The Drama of Rhetoric which was demanded by the physical conditions of the Elizabethan stage survived the Restoration and did not die until the day of Addison's Cato. Imitations of it have even struggled on the stage within the nineteenth century. The Virginius of Sheridan Knowles and the Richelieu of Bulwer-Lytton were both framed upon the Elizabethan model, and carried the platform drama down to recent times. But though traces of the platform drama still exist, the period of its pristine vigor terminated with the closing of the theatres in 1642.
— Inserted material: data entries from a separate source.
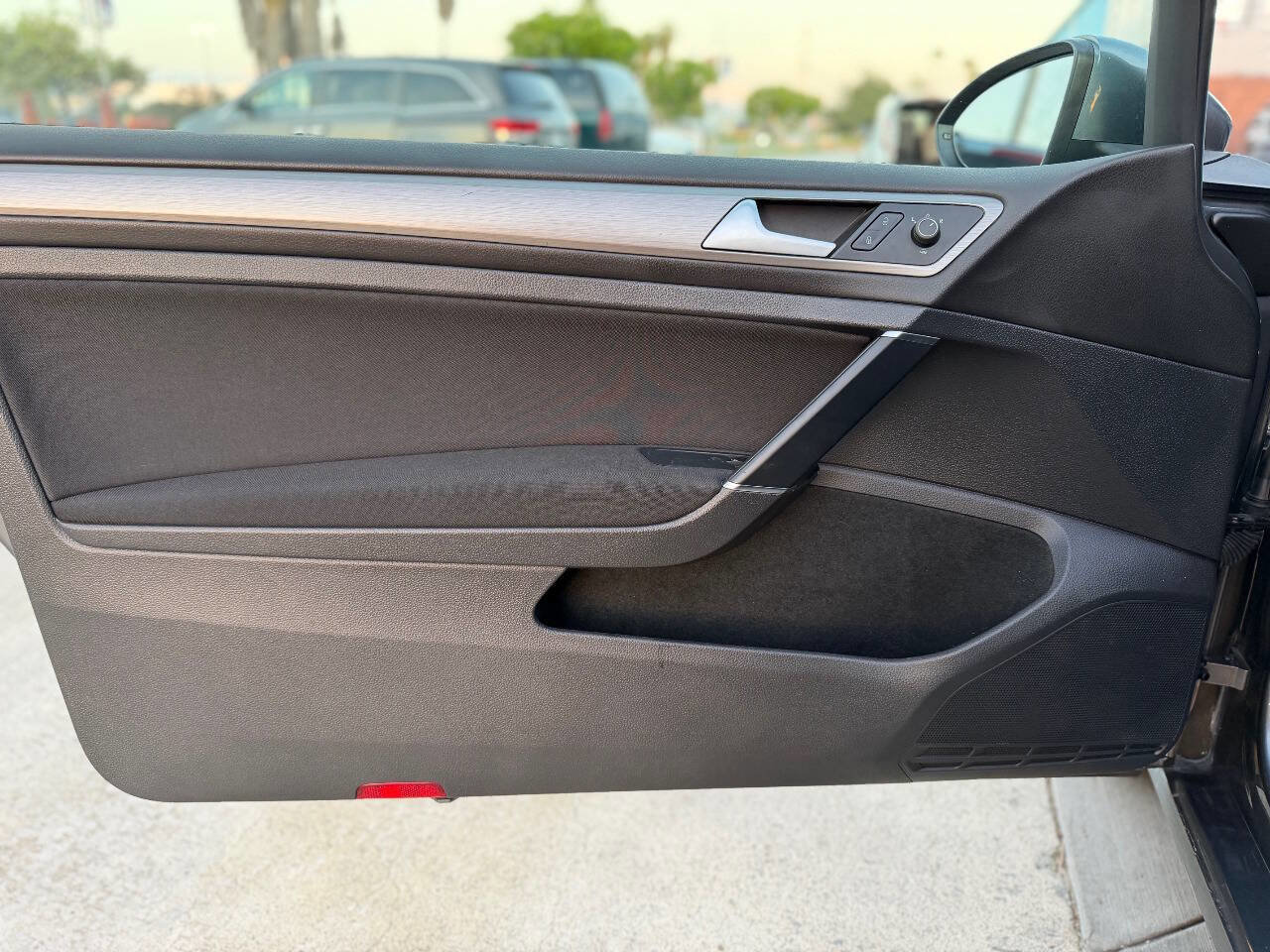 Used 2015 Volkswagen Golf Launch Edition image 16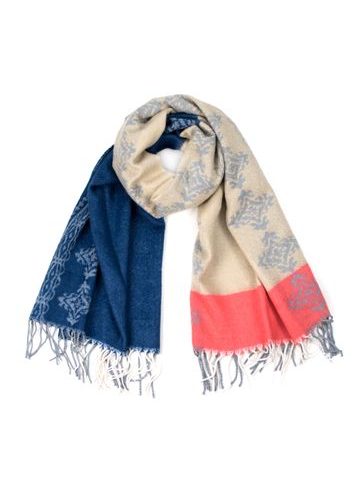 Šál s modrým zimním vzorem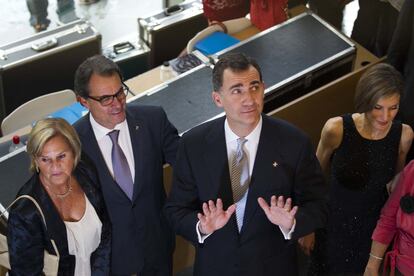 Felipe VI, junto a Artur Mas, en la entrega de premios de la Fundacion Príncipe de Girona, el 26 de junio del año pasado. Su primer viaje como Rey fue a Cataluña.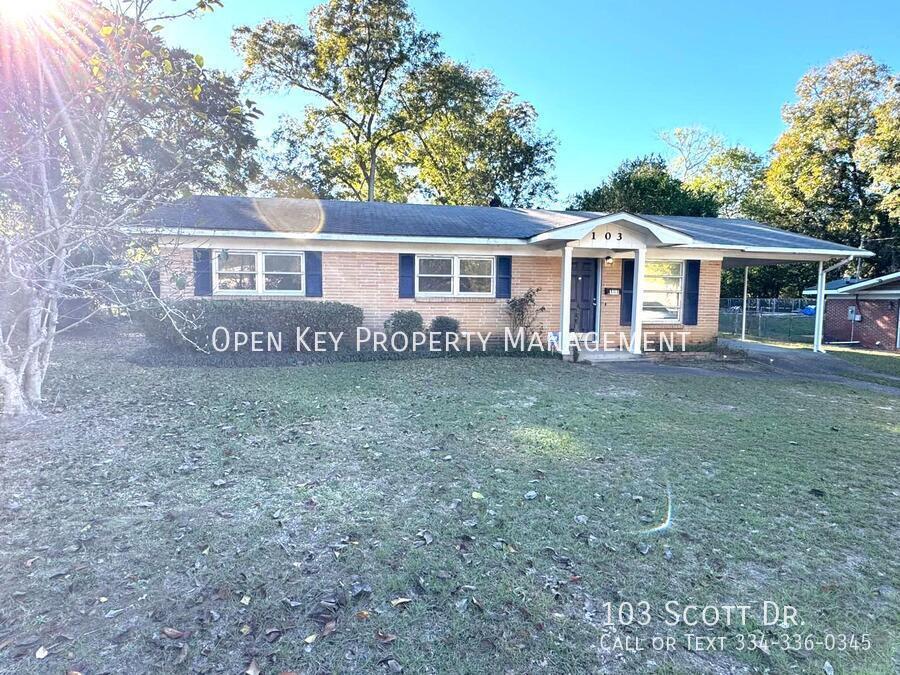103 Scott Dr in Enterprise, AL - Building Photo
When the drama was resumed in 1660, the physical conditions of the theatre underwent a material change. At this time two great play-houses were chartered,—the King's Theatre in Drury Lane, and the Duke of York's Theatre in Lincoln's Inn Fields. Thomas Killigrew, the manager of the Theatre Royal, was the first to introduce women actors on the stage; and parts which formerly had been played by boys were soon performed by actresses as moving as the great Elizabeth Barry. To William Davenant, the manager of the Duke's Theatre, belongs the credit for a still more important innovation. During the eighteen years when public dramatic performances had been prohibited, he had secured permission now and then to produce an opera upon a private stage. For these musical entertainments he took as a model the masques, or court celebrations, which had been the most popular form of private theatricals in the days of Elizabeth and James. It is well known that masques had been produced with elaborate scenic appointments even at a time when the professional stage was bare of scenery. While the theatres had been closed, Davenant had used scenery in his operas, to keep them out of the forbidden pale of professional plays; and now in 1660, when he came forth as a regular theatre manager, he continued to use scenery, and introduced it into the production of comedies and tragedies.
But the use of scenery was not the only innovation that carried the Restoration theatre far beyond its Elizabethan prototype. Play-houses were now regularly roofed; and the stage was artificially lighted by lamps. The shifting of scenery demanded the use of a curtain; and it became possible for the first time to disclose actors upon the stage and to leave them grouped before the audience at the end of an act.
All of these improvements rendered possible a closer approach to naturalness of representment than had ever been made before. Palaces and flowered meads, drawing-rooms and city streets, could now be suggested by actual scenery instead of by descriptive passages in the text. Costumes became appropriate, and properties were more nicely chosen to give a flavor of actuality to the scene. At the same time the platform receded, and the groundlings no longer stood about it on the sides. The gallants were banished from the stage, and the greater part of the audience was gathered directly in front of the actors. Some traces of the former platform system, however, still remained. In front of the curtain, the stage projected into a wide "apron," as it was called, lined on either side by boxes filled with spectators; and the house was so inadequately lighted that almost all the acting had to be done within the focus of the footlights. After the curtain rose, the actors advanced into this projecting "apron" and performed the main business of the act beyond the range of scenery and furniture.